Each year about this time, when the first snow flurries fly and the proprietors of publicity-conscious resorts start trying to get their pictures taken doing a slalom on pine boughs, we like to present you with a resort or a ski way of life you may not have heard of. We want the place we choose to be in part a discovery, relatively inexpensive, technically sound underfoot—or underski—and rather relaxed, since the everyman jet set will not quite have zoomed in yet. With these principles in mind, we have searched out in the past the ski pleasures of such countries as France, Austria and Chile, as well as the many hideaways of mountain America.

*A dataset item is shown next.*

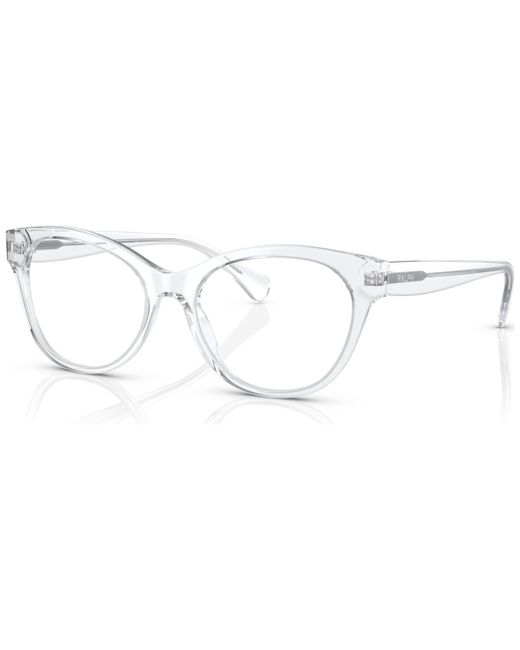Ralph By Ralph Lauren Eyewear Cat Eye Eyeglasses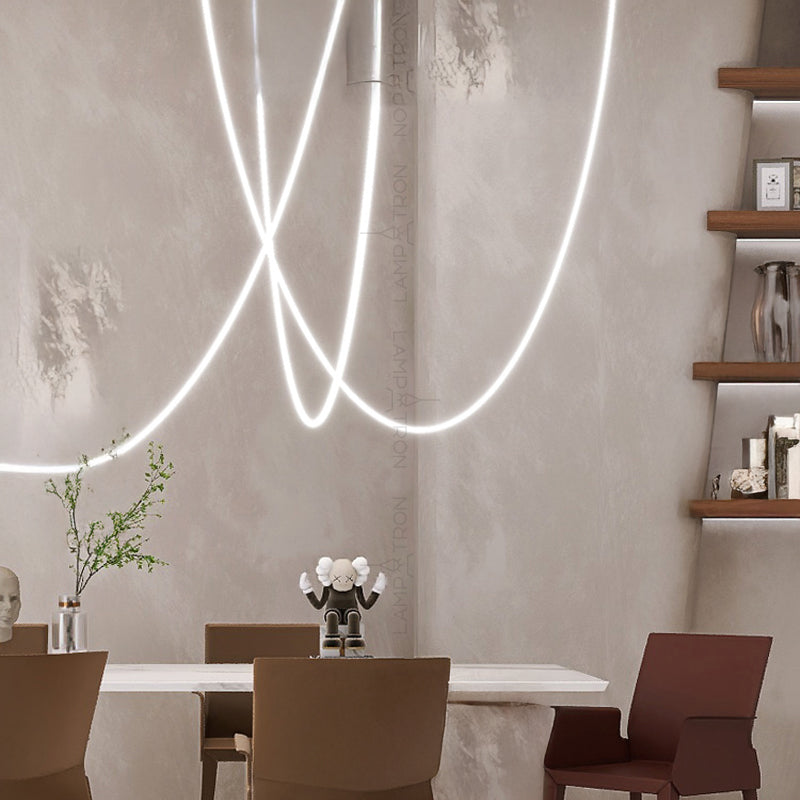 OPTIC Pendant light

Now, beginning on page 58, we present you with a look at the action on the slopes of northern Italy, an area that will receive much attention late this winter when the world Alpine championships are held at Val Gardena. As the pictures and story show, Italian skiing meets all of our specifications, assuming you can get down a mountain while carrying a full load of linguini with white clam sauce.

If Italian skiing is zesty, so is the scenery at its resorts, and in this regard SPORTS ILLUSTRATED is now directly responsible for adding a dash of color. Some months ago, with the Italian ski story in mind, Staff Writer Jule Campbell wired the eminent Italian designer Emilio Pucci in Florence (where he is a marchese, politician, member of parliament, hereditary chief of the Florentine army, much-decorated war hero, skier, sportsman, and lives in a palace) and arranged a meeting. The idea she presented to him was simple enough. Would he create a new ski collection exclusively for SPORTS ILLUSTRATED? Pucci would.

"There is just one thing," said Jule, who knows the difference between a silk shift and a stem Christy. "The clothes must work. We know they'll be fancy, but they must be functional as well—the sort of thing that people can really ski in."

The marchese understood, being a skiing man himself. After all, hadn't he formed the first ski team at Reed College in Portland, Ore.—one of his many schools—and been one of the first to ski in a crash helmet and to bind up his pant legs so they wouldn't flap in the wind? He said we need not worry, the new SI line wouldn't be just for standing around, posing.

The payoff came this spring in Rome when Jule Campbell showed up at Pucci's workroom. The old ski racer had produced an ultramodern look with the emphasis on stretch wool gabardine for action. "I don't make the pants too tight-fitting for girls," he said. "They're too distracting." But just so there would be some distraction, he added silk and velvet for touches of luxury. The whole effect is strictly for real skiers: Italian in mood and pure Pucci in flavor. We salute you, Emilio. And you, too, Jule.